*** Begin section ***
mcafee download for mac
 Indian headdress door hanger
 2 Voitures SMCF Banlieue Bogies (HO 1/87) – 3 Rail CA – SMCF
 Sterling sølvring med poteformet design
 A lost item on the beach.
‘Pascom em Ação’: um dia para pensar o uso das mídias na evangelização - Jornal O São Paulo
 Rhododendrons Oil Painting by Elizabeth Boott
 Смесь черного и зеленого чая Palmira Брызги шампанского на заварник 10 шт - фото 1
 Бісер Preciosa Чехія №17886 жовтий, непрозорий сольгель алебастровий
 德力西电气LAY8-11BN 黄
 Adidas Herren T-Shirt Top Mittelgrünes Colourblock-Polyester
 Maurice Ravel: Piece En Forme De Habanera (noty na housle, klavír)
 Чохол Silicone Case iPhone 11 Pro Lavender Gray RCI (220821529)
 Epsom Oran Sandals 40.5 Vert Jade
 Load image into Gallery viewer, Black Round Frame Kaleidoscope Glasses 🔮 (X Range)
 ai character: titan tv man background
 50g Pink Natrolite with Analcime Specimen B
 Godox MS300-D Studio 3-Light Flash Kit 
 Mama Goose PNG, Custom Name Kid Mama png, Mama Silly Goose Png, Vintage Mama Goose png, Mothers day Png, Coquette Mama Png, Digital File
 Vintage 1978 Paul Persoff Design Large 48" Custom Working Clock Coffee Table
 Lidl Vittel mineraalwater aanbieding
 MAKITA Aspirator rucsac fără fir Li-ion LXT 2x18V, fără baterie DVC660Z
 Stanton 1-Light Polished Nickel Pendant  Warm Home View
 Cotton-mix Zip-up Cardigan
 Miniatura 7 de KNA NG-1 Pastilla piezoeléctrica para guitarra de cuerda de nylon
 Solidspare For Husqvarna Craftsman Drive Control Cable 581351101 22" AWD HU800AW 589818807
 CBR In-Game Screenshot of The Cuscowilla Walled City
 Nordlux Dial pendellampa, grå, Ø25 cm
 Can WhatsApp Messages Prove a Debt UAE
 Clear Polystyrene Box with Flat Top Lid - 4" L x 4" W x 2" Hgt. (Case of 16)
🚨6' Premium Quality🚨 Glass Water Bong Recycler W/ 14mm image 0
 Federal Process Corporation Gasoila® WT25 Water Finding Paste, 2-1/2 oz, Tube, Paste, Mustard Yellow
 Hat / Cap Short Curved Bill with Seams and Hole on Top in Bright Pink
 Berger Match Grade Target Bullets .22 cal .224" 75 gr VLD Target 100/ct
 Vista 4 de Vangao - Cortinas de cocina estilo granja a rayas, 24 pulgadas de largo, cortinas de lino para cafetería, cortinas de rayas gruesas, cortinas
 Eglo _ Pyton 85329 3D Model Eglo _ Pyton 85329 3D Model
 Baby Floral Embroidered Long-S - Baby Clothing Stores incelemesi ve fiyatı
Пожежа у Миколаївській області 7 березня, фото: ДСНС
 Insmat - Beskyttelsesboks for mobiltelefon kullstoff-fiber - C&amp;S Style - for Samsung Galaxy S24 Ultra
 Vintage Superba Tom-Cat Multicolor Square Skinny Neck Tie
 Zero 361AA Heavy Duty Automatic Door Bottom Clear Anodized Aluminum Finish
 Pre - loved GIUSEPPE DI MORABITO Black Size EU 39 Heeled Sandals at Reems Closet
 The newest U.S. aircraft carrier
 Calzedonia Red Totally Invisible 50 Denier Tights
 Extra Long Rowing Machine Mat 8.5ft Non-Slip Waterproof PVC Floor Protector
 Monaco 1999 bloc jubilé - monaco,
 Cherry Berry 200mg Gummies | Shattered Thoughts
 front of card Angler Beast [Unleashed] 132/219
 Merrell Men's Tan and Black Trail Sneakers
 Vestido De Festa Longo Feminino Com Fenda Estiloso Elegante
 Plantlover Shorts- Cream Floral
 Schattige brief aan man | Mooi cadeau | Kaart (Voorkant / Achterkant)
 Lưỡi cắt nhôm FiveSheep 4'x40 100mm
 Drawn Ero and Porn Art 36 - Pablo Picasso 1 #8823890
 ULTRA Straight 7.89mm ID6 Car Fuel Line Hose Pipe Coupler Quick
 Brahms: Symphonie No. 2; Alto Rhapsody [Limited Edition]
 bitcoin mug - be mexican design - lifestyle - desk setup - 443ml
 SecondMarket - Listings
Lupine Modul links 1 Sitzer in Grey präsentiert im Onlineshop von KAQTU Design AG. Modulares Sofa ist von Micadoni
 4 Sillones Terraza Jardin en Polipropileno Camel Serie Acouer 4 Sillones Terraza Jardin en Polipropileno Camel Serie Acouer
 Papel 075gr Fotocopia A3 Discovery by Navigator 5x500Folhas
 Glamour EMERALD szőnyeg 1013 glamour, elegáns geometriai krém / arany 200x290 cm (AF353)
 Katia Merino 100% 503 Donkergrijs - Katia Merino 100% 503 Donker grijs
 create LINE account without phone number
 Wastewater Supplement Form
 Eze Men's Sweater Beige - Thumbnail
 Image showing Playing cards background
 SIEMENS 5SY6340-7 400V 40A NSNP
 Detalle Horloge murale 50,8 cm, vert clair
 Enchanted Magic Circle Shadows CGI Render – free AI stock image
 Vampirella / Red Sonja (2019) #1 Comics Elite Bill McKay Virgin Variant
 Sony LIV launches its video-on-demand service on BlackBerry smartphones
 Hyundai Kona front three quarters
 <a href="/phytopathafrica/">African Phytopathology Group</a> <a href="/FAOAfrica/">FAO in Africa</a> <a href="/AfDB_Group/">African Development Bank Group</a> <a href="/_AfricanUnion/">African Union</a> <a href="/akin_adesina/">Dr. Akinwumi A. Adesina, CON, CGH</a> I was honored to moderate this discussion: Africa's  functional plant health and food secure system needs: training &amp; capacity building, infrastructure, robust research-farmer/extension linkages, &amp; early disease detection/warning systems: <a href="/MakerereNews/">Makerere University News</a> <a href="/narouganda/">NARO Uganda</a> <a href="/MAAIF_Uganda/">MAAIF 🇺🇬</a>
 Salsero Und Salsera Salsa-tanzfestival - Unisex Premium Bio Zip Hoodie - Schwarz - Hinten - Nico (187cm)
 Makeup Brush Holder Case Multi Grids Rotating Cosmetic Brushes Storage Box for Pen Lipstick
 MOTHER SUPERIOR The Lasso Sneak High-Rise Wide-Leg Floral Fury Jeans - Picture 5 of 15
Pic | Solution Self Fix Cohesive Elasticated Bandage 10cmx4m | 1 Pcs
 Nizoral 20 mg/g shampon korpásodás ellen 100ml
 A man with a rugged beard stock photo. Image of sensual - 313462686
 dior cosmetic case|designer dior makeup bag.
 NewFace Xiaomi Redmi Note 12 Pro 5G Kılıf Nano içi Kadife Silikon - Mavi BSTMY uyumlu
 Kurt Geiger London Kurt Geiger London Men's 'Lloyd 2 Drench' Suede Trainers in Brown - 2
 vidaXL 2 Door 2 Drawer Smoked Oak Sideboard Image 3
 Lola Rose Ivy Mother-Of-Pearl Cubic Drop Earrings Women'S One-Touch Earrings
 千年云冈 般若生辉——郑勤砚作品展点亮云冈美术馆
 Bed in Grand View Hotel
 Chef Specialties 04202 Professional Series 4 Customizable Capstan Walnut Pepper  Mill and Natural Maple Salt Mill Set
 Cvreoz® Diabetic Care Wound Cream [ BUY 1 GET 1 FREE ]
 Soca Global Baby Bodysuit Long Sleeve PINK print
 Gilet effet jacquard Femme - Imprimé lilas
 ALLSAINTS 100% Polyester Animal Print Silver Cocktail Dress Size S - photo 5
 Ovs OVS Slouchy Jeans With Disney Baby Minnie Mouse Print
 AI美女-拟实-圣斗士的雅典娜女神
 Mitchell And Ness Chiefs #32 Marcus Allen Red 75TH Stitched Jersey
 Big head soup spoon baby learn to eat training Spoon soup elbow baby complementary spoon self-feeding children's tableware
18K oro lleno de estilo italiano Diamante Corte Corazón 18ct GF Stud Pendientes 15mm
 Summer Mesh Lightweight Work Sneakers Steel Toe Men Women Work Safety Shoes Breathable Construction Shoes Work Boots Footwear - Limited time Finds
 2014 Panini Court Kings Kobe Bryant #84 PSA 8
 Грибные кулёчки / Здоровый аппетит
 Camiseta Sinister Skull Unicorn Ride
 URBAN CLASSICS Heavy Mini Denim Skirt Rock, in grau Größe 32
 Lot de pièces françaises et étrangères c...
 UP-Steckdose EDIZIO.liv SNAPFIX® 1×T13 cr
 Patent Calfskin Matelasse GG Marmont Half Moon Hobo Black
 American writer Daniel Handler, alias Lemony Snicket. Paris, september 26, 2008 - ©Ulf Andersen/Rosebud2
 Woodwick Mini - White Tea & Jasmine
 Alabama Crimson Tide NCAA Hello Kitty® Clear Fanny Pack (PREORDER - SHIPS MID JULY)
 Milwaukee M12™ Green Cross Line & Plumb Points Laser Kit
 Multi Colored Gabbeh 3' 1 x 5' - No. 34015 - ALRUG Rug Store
*** End section ***
### What you will do
Retype only this portion of the data above: the line containing "Camiseta Sinister Skull Unicorn Ride", the line containing "Alabama Crimson Tide", and all lines between them, exactly.

### Exercise result
 Camiseta Sinister Skull Unicorn Ride
 URBAN CLASSICS Heavy Mini Denim Skirt Rock, in grau Größe 32
 Lot de pièces françaises et étrangères c...
 UP-Steckdose EDIZIO.liv SNAPFIX® 1×T13 cr
 Patent Calfskin Matelasse GG Marmont Half Moon Hobo Black
 American writer Daniel Handler, alias Lemony Snicket. Paris, september 26, 2008 - ©Ulf Andersen/Rosebud2
 Woodwick Mini - White Tea & Jasmine
 Alabama Crimson Tide NCAA Hello Kitty® Clear Fanny Pack (PREORDER - SHIPS MID JULY)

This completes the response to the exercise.